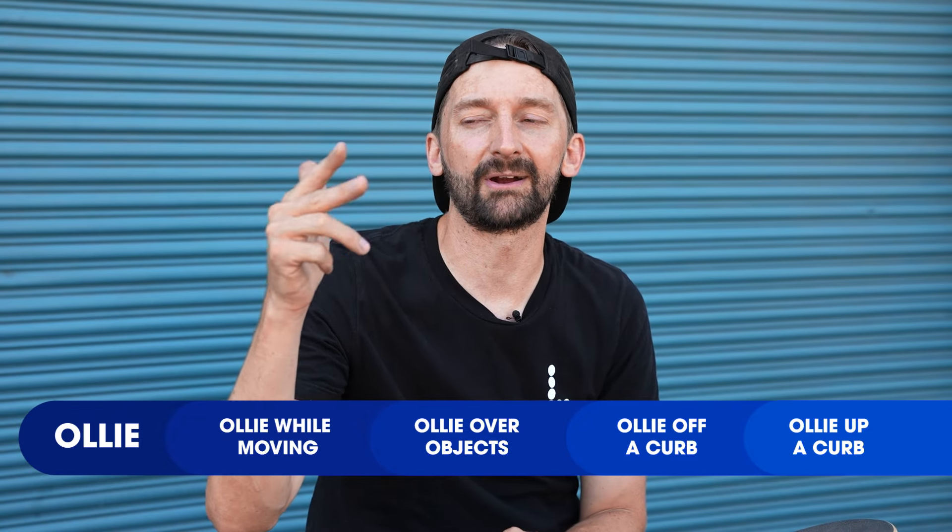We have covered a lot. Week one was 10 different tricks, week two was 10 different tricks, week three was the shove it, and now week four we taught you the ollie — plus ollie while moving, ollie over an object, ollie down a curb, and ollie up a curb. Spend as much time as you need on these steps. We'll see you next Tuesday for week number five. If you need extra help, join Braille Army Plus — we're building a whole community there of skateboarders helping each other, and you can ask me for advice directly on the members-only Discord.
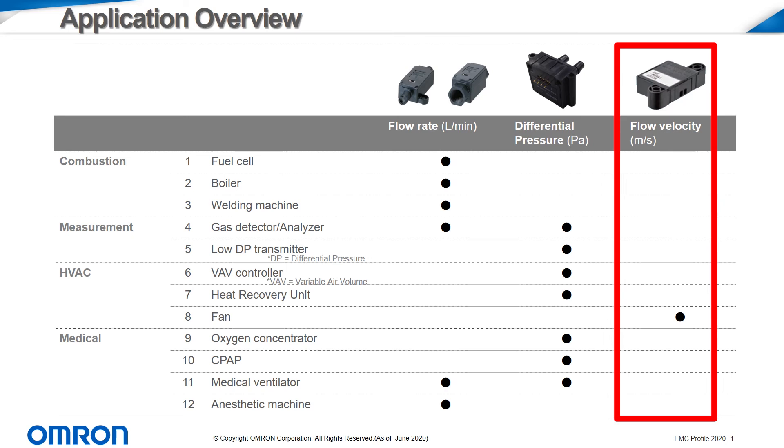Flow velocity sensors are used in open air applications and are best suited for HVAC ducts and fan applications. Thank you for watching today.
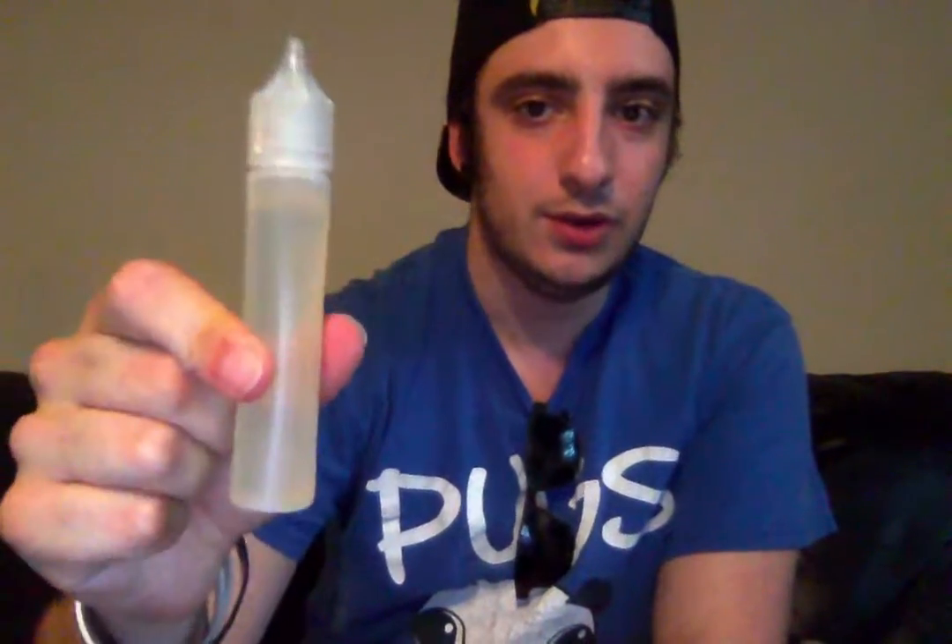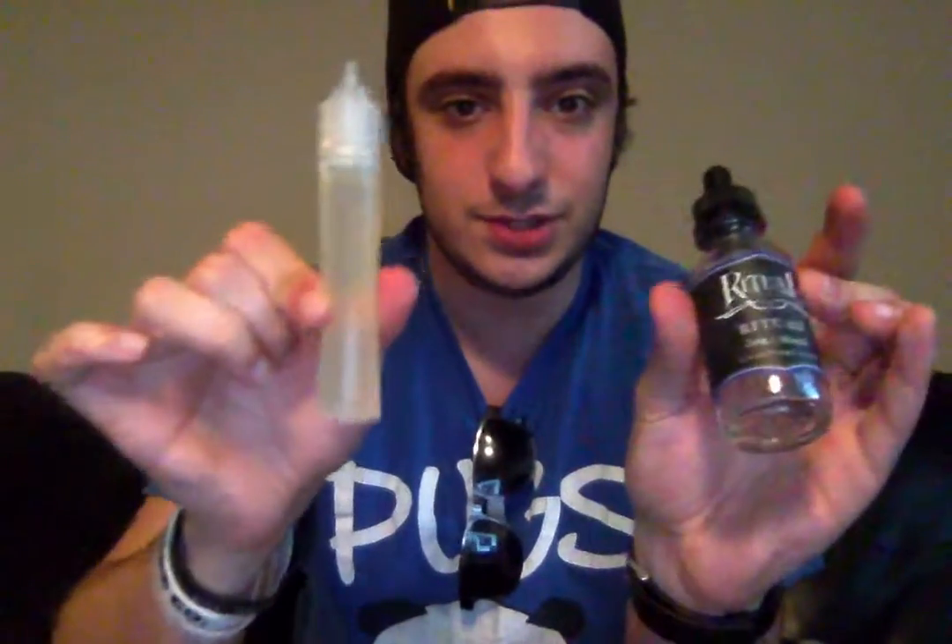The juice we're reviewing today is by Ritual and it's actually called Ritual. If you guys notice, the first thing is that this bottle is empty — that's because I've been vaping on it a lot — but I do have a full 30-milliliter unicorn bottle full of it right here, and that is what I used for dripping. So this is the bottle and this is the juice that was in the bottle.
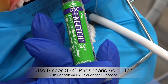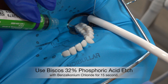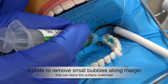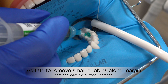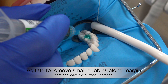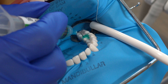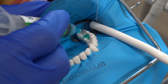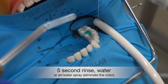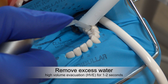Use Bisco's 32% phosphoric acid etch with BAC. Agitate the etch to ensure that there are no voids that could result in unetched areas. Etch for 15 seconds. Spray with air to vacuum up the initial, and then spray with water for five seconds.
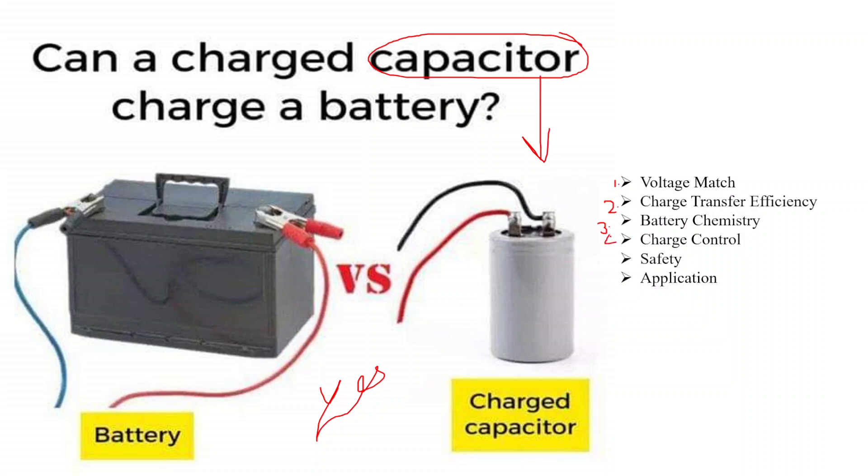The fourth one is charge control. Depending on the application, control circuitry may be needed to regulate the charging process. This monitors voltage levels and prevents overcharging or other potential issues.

====

§ **What is needed**: In the copy, include every entry above exactly and leave out each picture.

§ **Task response**:
We have covered a lot. Week one was 10 different tricks, week two was 10 different tricks, week three was the shove it, and now week four we taught you the ollie — plus ollie while moving, ollie over an object, ollie down a curb, and ollie up a curb. Spend as much time as you need on these steps. We'll see you next Tuesday for week number five. If you need extra help, join Braille Army Plus — we're building a whole community there of skateboarders helping each other, and you can ask me for advice directly on the members-only Discord.
Flow velocity sensors are used in open air applications and are best suited for HVAC ducts and fan applications. Thank you for watching today.
The juice we're reviewing today is by Ritual and it's actually called Ritual. If you guys notice, the first thing is that this bottle is empty — that's because I've been vaping on it a lot — but I do have a full 30-milliliter unicorn bottle full of it right here, and that is what I used for dripping. So this is the bottle and this is the juice that was in the bottle.
Use Bisco's 32% phosphoric acid etch with BAC. Agitate the etch to ensure that there are no voids that could result in unetched areas. Etch for 15 seconds. Spray with air to vacuum up the initial, and then spray with water for five seconds.
The fourth one is charge control. Depending on the application, control circuitry may be needed to regulate the charging process. This monitors voltage levels and prevents overcharging or other potential issues.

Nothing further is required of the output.